I'm into horror pictures because I love the fear of being alone in the dark, and I'd recommend that to any composer who wants to work in this genre.
As a kid, I had a Beatles poster and a Bela Lugosi as Dracula poster, so both worlds always appealed to me. Horror allows you to do things as a composer than you're able to do in no other style of movie. The music has to be aggressive. You can't tiptoe around. It has to be incredibly focused dramatically - no time for second thoughts.
Film composers are the most prolific music makers on this planet, and most of us are, like, losing our minds if we're doing five or more movies in a year.
Horror films are the ones that pay the bills, and historically, they have shown that they are good investments.
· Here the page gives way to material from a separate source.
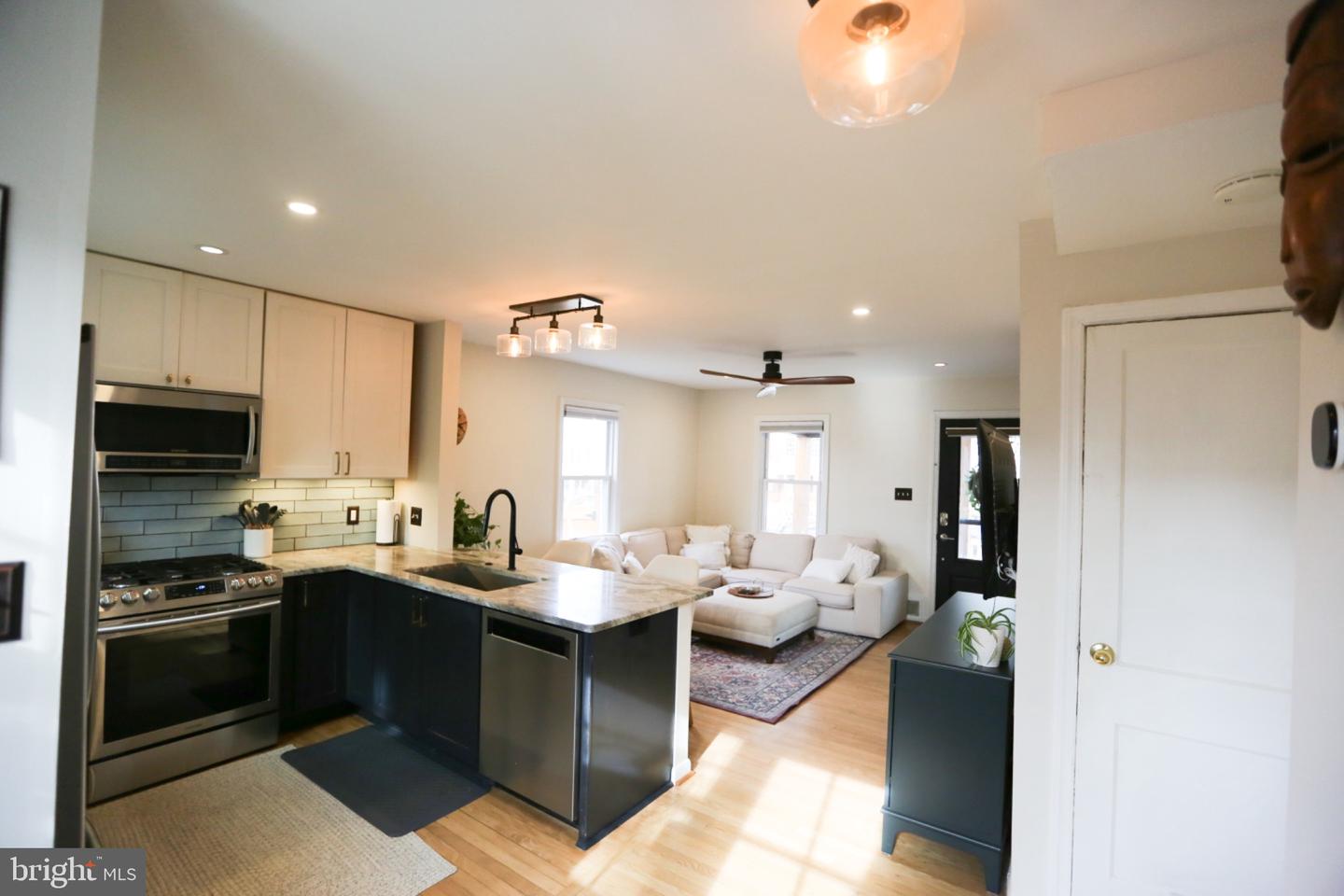 2723 FORT DR, ALEXANDRIA, Virginia 22303, 2 Bedrooms Bedrooms, 3 Rooms Rooms,1 BathroomBathrooms,Residential,For sale,2723 FORT DR,VAFX2261720 MLS # VAFX2261720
They helped Universal survive with that initial splash of horror films in the 1930s and '40s. And horror films kept New Line alive with the 'A Nightmare on Elm Street' series.
I don't care how inventive you are; once you introduce strings into the ensemble for a horror film, you're entering into a world where a tradition has been thoroughly established. So it's repeated use over the years is like, 'Oh God, another film with strings, another spooky movie with strings.'
When I was younger, I'd make a point of driving to the middle of nowhere and spending an evening with just me, the wind, and the moon. Your skin crawls up an octave. This is what I tap into when I'm working on horror films. I'm just afraid a time will come when I lose touch with that part of myself.
People who work in horror know they are contributing to a genre that has always been loved and will always be loved - privately. It's the forbidden evil working behind the curtain. My job scoring a horror movie is like being the barker at a carnival. A good barker can get anyone to walk into the roped-off tent.